Asheville: Eastern Bound
Photos by Andrew Thomas Lee
In a newly renovated, decades-old gas station tucked in the bucolic Blue Ridge Mountains, Chef Patrick O’Cain is serving up food you would be more apt to find on a street corner in Chiang Mai, nevermind in a sleepy Southern mountain town. Gan Shan Station is just two miles from O’Cain’s childhood home --“Gan Shan” loosely translates to “Sunset Mountain” in Chinese, the Northern Asheville neighborhood where O’Cain grew up.
After cutting his teeth in Charleston under the tutelage of Chefs Jeremiah Langhorne and Daniel Heinze at McCrady’s, O’Cain was offered the opportunity to help open up Xiao Bao Biscuit as sous-chef. After a particularly grueling year opening the restaurant, the owners sent O’Cain on a three-week journey through Northern Thailand, Tokyo, and Taiwan to explore the regional cuisine. “That was my first time in Asia. Food is everywhere, from street corners to convenience stores. I was very surprised at how integrated food was in every facet of life there.”
But how does a rising chef in the heart of the low-country get hooked on Asian cuisines typically found in far-flung pockets of Queens? Surprisingly, it was a well-worn copy of a 1970s cookbook on Szechuan home cooking that sparked his initial interest in flavors of the East. “My uncle gave my parents Mrs. Chiang’s Szechwan Cookbook over forty years ago. My parents used it for all occasions. We had mapo doufu and Grand Duke’s Chicken with peanuts on a regular basis.” The menu at Gan Shan was inspired by his childhood favorites from Mrs. Chiang’s cookbook. In fact, it’s not uncommon to see the chefs walk around the restaurant with well-worn, Xeroxed copies of the cookbook for reference. It’s the unofficial bible.
The Blue Ridge Mountains are abundant with local resources of which O’Cain is passionate about using in the Gan Shan menu. “We have an organic miso producer, local mushroom farms, and nearby farmers who have been growing more and more Asian greens.” Within a forty-five minute drive, there is a burgeoning Laotian community that is growing heirloom sticky rice that Gan Shan is serving up in dishes such as Seared Wreckfish and Massaman Curry Chicken. “The difference between freshly-grown rice and the stuff you buy at the grocery store is just amazing. It’s a totally different experience.”
Gan Shan has also established itself as the go-to spot in Asheville for the freshest seafood in the area. “We’ve become a destination for locals who want the freshest fish in town.” O’Cain has maintained a strong relationship with Mark Marhefka, a renowned Charleston-based fisherman, who he first met running kitchens in South Carolina. O’Cain says, “If he doesn’t have fish that week, we’re not going to have fish on the menu, and that’s it. There is no middleman - we treat it with the utmost respect.”

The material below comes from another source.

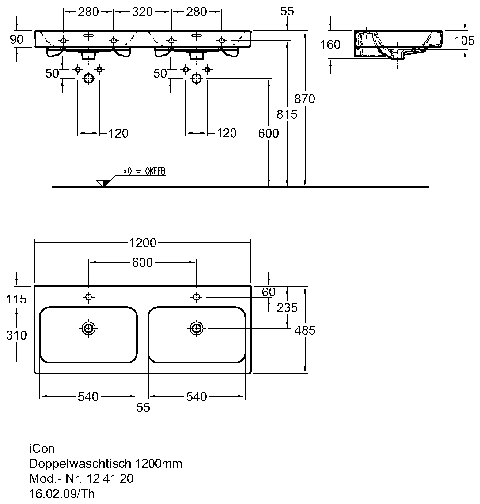 Keramag Doppelwaschtisch iCon 1200x485mm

The restaurant is housed in a sixty-year old gas station that’s been owned by the same family since the 1940’s. The former Gulf station was completely gutted and renovated to fit O’Cain’s open restaurant style vision. “I wanted an open kitchen -- open space. I like to be able to see what’s going on in a restaurant, the activity, the smells from the kitchen. I think people are genuinely curious to see how a professional kitchen works. We’re a show, you come to a restaurant not just for the food, but for the experience.”